4

I have a large Python code base which we recently started compiling with Cython. Without making any changes to the code, I expected performance to stay about the same, but we planned to optimize heavier computations with Cython specific code after profiling. However, the speed of the compiled application plummeted and it appears to be across the board. Methods are taking anywhere from 10% to 300% longer than before.

I've been playing around with test code to try and find things Cython does poorly and it appears that string manipulation is one of them. My question is, am I doing something wrong or is Cython really just bad at some things? Can you help me understand why this is so bad and what else Cython might do very poorly?

EDIT: Let me try to clarify. I realize that this type of string concatenation is very bad; I just noticed it has a huge speed difference so I posted it (probably a bad idea). The codebase doesn't have this type of terrible code but has still slowed dramatically and I'm hoping for pointers on what type of constructs Cython handles poorly so I can figure out where to look. I've tried profiling but it was not particularly helpful.

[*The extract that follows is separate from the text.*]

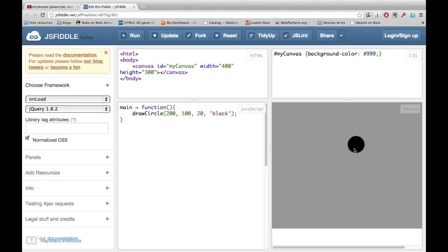Firefox, Chrome, Safari all work great. You can also use Internet Explorer if you make sure that you're using either versions 9 or 10.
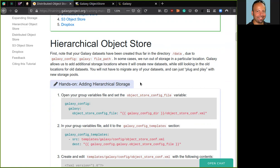The first step, we will see how to create a hierarchical object store into your Galaxy server. The hierarchical object store allows you to read data from the first backend where data exists and allow you to write them always to the first backend of the list.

For reference, here is my string manipulation test code. I realize the code below is terrible and useless, but I'm still shocked by the speed difference.

# pyCode.py
def str1():
    val = ""
    for i in xrange(100000):
        val = str(i)

def str2():
    val = ""
    for i in xrange(100000):
        val += 'a'

def str3():
    val = ""
    for i in xrange(100000):
        val += str(i)

Timing code

# compare.py
import timeit

pyTimes = {}
cyTimes = {}

# STR1
number=10

setup = "import pyCode"
stmt = "pyCode.str1()"
pyTimes['str1'] = timeit.timeit(stmt=stmt, setup=setup, number=number)

setup = "import cyCode"
stmt = "cyCode.str1()"
cyTimes['str1'] = timeit.timeit(stmt=stmt, setup=setup, number=number)

# STR2
setup = "import pyCode"
stmt = "pyCode.str2()"
pyTimes['str2'] = timeit.timeit(stmt=stmt, setup=setup, number=number)

setup = "import cyCode"
stmt = "cyCode.str2()"
cyTimes['str2'] = timeit.timeit(stmt=stmt, setup=setup, number=number)

# STR3
setup = "import pyCode"
stmt = "pyCode.str3()"
pyTimes['str3'] = timeit.timeit(stmt=stmt, setup=setup, number=number)

setup = "import cyCode"
stmt = "cyCode.str3()"
cyTimes['str3'] = timeit.timeit(stmt=stmt, setup=setup, number=number)

for funcName in sorted(pyTimes.viewkeys()):
    print "PY {} took {}s".format(funcName, pyTimes[funcName])
    print "CY {} took {}s".format(funcName, cyTimes[funcName])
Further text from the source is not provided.